The Budget Bounty from Texas Natural Gas and Oil

Legislation

Posted on: Tuesday, January 22, 2013

The state budget prospects laid out recently by Texas Comptroller Susan Combs in the Biennial Revenue Estimate (BRE) were rosy, thanks to the natural gas and crude oil industries. Taxes from natural gas and oil increased 41 percent in fiscal 2012, triple the increases for total collections statewide. Only sales taxes produced more revenue for the general fund, according to the report. Statewide natural gas tax collections are expected to reach $1.5 billion in 2012-2013. Plus, over the next two years, the Texas legislature will have an estimated $101.4 billion available for general-purpose spending.

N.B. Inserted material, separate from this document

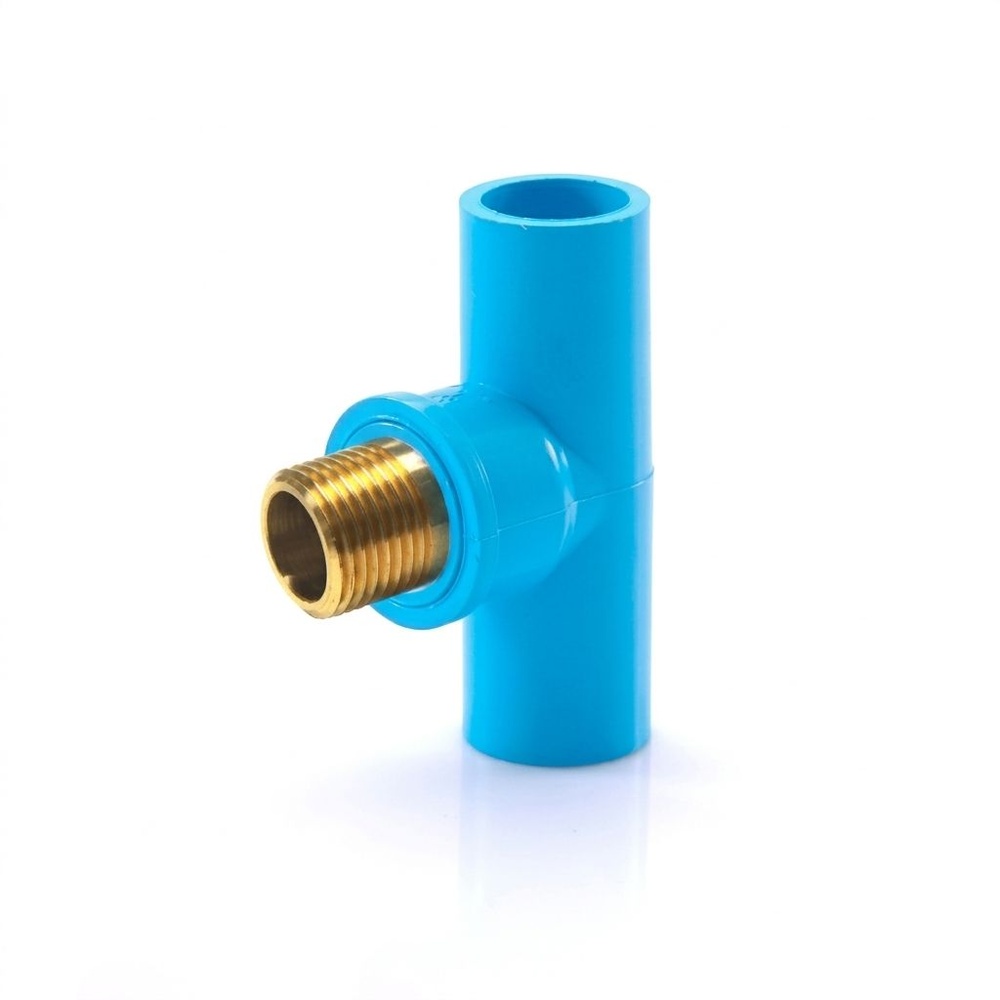 SCG สามทางเกลียวนอก ทองเหลือง หนา 1/2"(18) ชั้น 13.5 สีฟ้า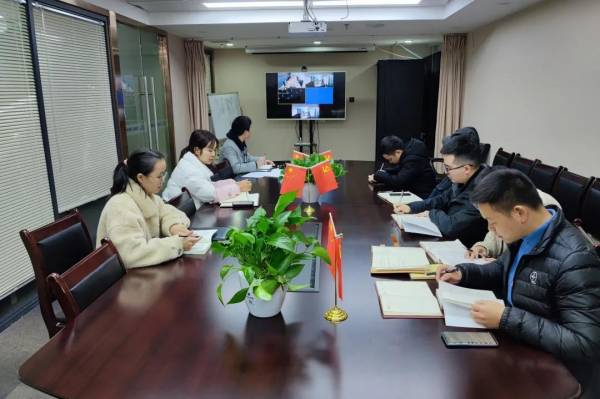 上海AG尊时凯龙人生就党支部、贵州AG尊时凯龙人生就党支部联合开展“学习十九届六中全会精神”主题党日活动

In the past, energy booms were fueled by high prices, but this boom is different. This time, we have low energy prices and high output, thanks to the combined technologies of horizontal drilling and hydraulic fracturing perfected in the Barnett Shale and exported all over the state, the U.S. and the world.

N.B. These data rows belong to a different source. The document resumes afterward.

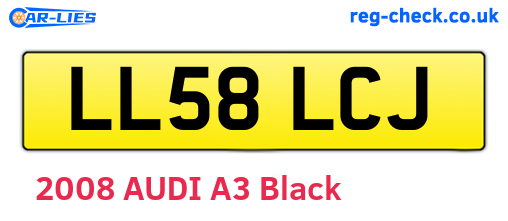 LL58LCJ are the vehicle registration plates.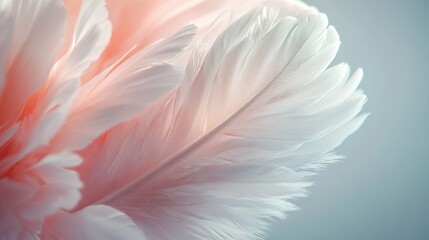 Soft Pastel Feathers: A Delicate and Airy Close-Up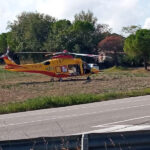 Ciclista cade a terra tra San Silvestro e Castellaro: soccorso da eliambulanza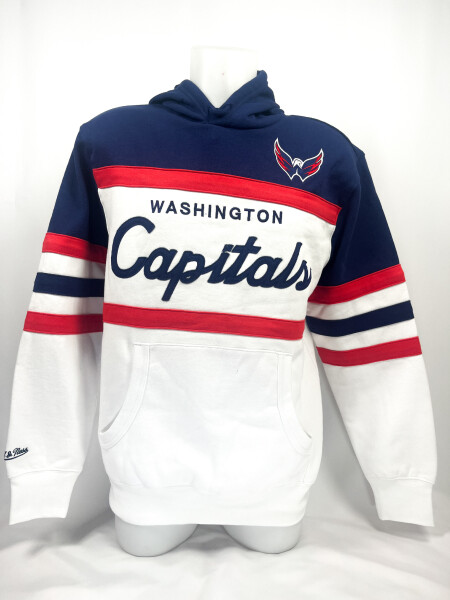 Mitchell Ness Pánská Mikina Washington Capitals Head Coach Hoodie Velikost: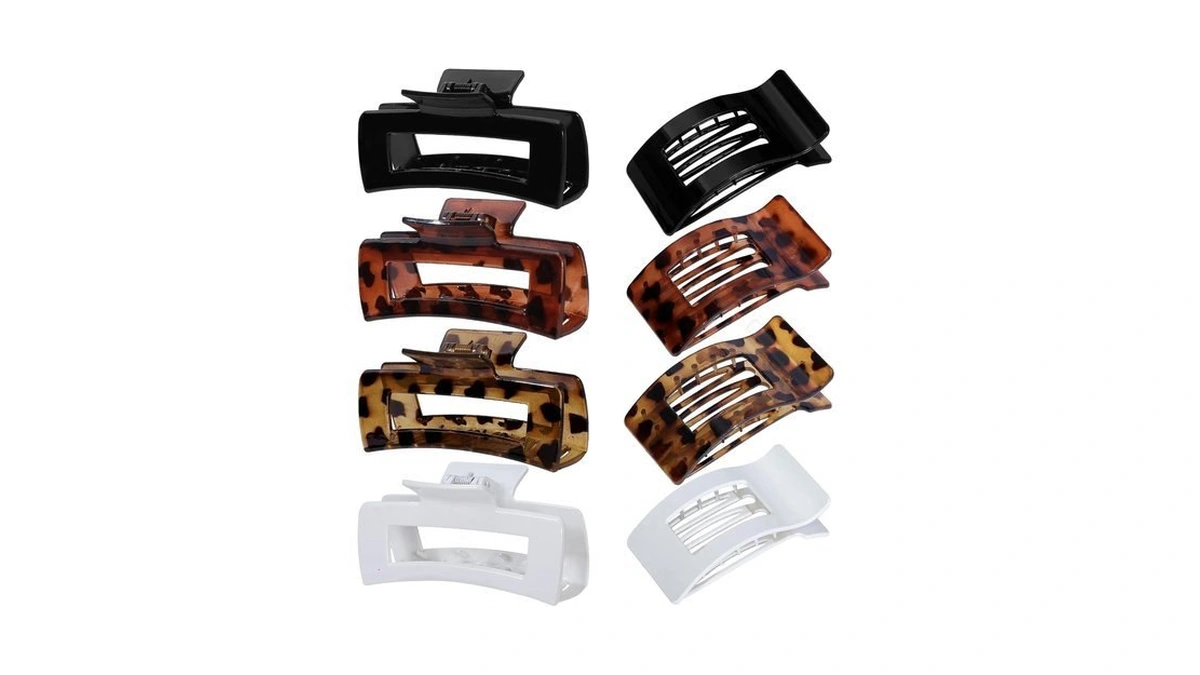 8 Pack Hair Clips For Women, 2 Styles Large Matte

This situation is also making Texas an attractive place for energy-intensive industries to expand. Coal-fired power plants are being replaced with natural gas–fired plants. Dow Chemical and Chevron Phillips are building billion-dollar petrochemical refineries on the Texas Gulf Coast.

The Economic Stabilization Fund (ESF), also known as the Rainy Day Fund, has also benefitted from the boom. The state’s Rainy Day Fund is almost entirely generated from natural gas and oil tax revenues. In the last biennial budget, the fund was tapped by the legislature to help offset budget cuts in education and other state services; however, the fund has recently been replenished – thanks in part to natural gas and crude oil industries – and it is estimated to have a balance of $11.8 billion by the 2014-2015 biennium. 

There is so much natural gas being produced in Texas that a liquefied natural gas (LNG) export facility is being planned at the Freeport LNG plant on Quintana Island near Freeport, Texas. When construction of the terminal started in 2005, forecasts envisioned a major increase in LNG imports into the U.S. But with so much natural gas being produced out of the Barnett Shale, the Eagle Ford shale and the Permian Basin, the Freeport facility is being expanded to have an import/export terminal for natural gas. 

Overall, low natural gas prices and high crude oil production are creating greater tax revenue and giving the economy a good outlook for sustainable growth in the future.